Deep learning models for classifying street-view images of Canadian cities. This repository contains multiple models fine-tuned on the **Canadian Street View Cities** dataset.

---

## Models Included
- **SwinV2**  
- **ConvNeXt**  

Contains a CNN-based model and a Transformer-based model both trained to predict the city from a street-view image.

---

## Cities Included
Calgary, Charlottetown, Edmonton, Halifax, Hamilton, Kitchener-Waterloo, Montreal, Ottawa-Gatineau, Québec City, Saskatoon, St Johns, Toronto, Vancouver, Victoria, Winnipeg

---

## Model Performance

| Model               | Accuracy | Macro Precision | Macro Recall | Macro F1-Score |
|---------------------|----------|-----------------|--------------|----------------|
| ConvNeXt-tiny       | 0.98980  | 0.98983         | 0.98980      | 0.98980        |
| Swin Transformer V2 | 0.99440  | 0.99439         | 0.99440      | 0.99439        |

Performance was evaluated on the test split of the Canadian Street View Cities dataset.
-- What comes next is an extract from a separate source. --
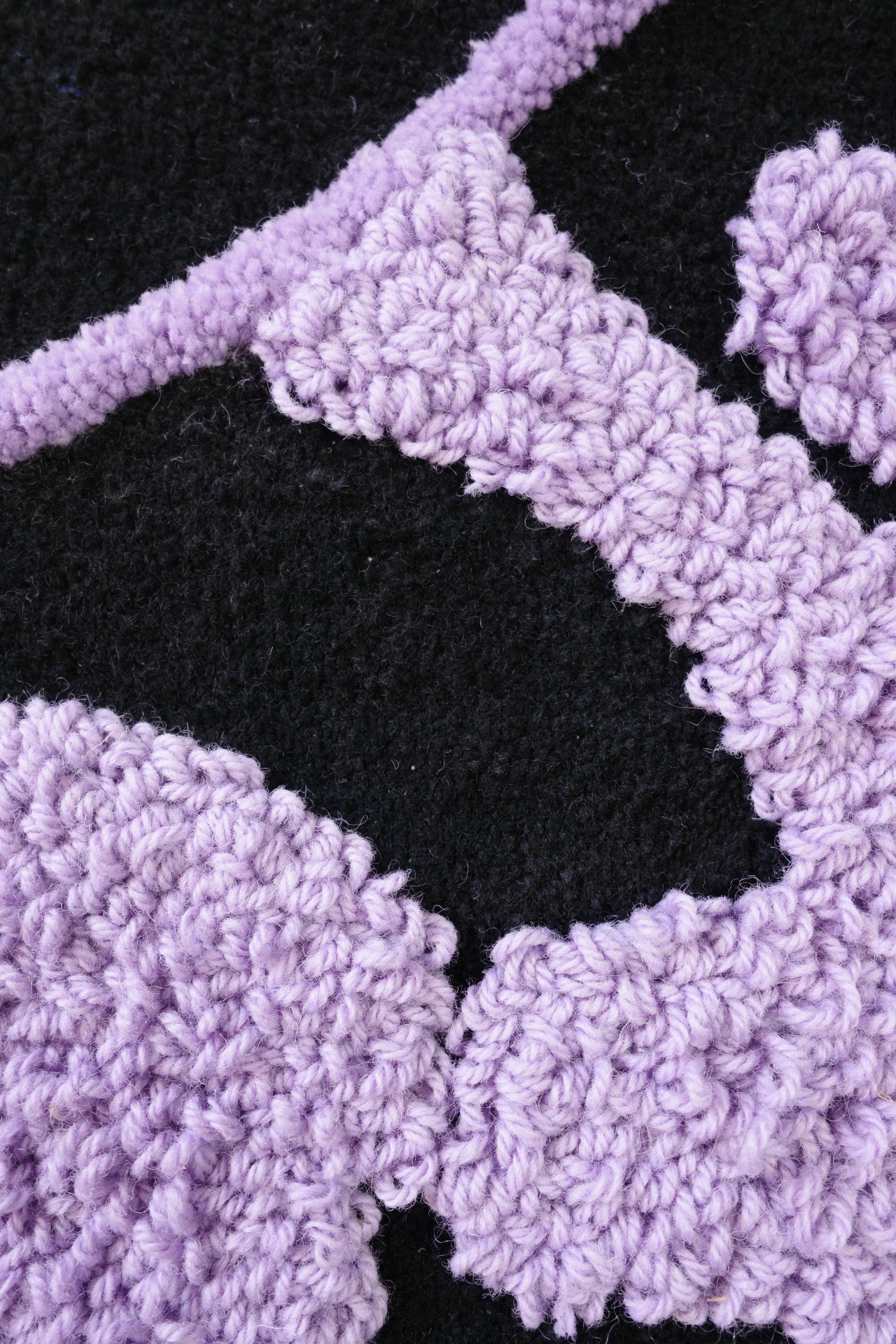 L'embranchement du Silence - LUGI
Both models achieve high accuracy across all classes, with Swin Transformer V2 slightly outperforming ConvNeXt-tiny.

### Known Limitations

These models were trained on images sourced from Mapillary. As a result, their performance may be lower when applied to street-view images from other datasets or sources, due to differences in image style, quality, or perspective.

---

## Demo

Try the model live in a Space: [Canadian StreetView Classifier](https://huggingface.co/spaces/canada-guesser/canadian_streetview_cities_demo)

---

## Usage Example

### Installation

```bash
pip install torch torchvision timm huggingface_hub

```

### Download Model Weights

```python
from huggingface_hub import hf_hub_download

vit_path = hf_hub_download(
    repo_id="canada-guesser/canadian_streetview_cities_models",
    filename="vit_model/swinv2_base_window12_192_0_finetuned_canadian_streetview.bin"
)
```

### Initialize model
```python
import torch
import timm

model = timm.create_model("swinv2_base_window12_192", pretrained=False, num_classes=15)
model.load_state_dict(torch.load(vit_path, map_location="cpu"))
model.eval()
```

### Transform and predict
```python
from PIL import Image
from torchvision import transforms

transform = transforms.Compose([
    transforms.Resize((192, 192)),
    transforms.ToTensor(),
    transforms.Normalize(mean=(0.5,0.5,0.5), std=(0.5,0.5,0.5))
])

class_names = [
    "Calgary", "Charlottetown", "Edmonton", "Halifax", "Hamilton",
    "Kitchener-Waterloo", "Montreal", "Ottawa-Gatineau", "Quebec City", "Saskatoon",
    "St Johns", "Toronto", "Vancouver", "Victoria", "Winnipeg",
]

img = Image.open("img.jpg").convert("RGB")
x = transform(img).unsqueeze(0)

with torch.no_grad():
    pred = model(x)

print(class_names[pred.argmax().item()])

```

## Citation

If you use this dataset or models, please cite:

1. Stephen Rebel, Danial McIntyre, Sharav Bali. *Canadian Street View Classifier*. Hugging Face, 2025.